• _EXERCISE AIM_
Copy every line of the data that includes the string "Road".

• _TASK INPUT_
BEGIN
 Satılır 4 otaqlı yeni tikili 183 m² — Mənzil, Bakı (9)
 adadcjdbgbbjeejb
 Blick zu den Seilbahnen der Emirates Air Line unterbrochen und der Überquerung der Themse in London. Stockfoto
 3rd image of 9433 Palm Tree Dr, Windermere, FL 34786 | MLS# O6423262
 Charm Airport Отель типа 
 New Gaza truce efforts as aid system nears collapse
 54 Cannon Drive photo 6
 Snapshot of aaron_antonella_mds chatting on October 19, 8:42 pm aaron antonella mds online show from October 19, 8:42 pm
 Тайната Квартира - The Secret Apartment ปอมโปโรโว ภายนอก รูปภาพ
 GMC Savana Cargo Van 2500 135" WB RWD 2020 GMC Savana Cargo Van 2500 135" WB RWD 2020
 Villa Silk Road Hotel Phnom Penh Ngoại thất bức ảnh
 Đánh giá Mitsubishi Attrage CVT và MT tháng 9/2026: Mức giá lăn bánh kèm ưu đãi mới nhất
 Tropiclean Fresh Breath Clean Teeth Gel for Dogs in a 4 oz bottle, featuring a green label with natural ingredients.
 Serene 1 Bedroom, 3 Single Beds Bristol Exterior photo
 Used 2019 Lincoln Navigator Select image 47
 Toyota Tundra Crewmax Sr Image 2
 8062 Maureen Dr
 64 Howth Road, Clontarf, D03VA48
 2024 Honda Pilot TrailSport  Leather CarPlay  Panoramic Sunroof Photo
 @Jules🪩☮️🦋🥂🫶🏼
END
• _SOLUTION_
 Villa Silk Road Hotel Phnom Penh Ngoại thất bức ảnh
 64 Howth Road, Clontarf, D03VA48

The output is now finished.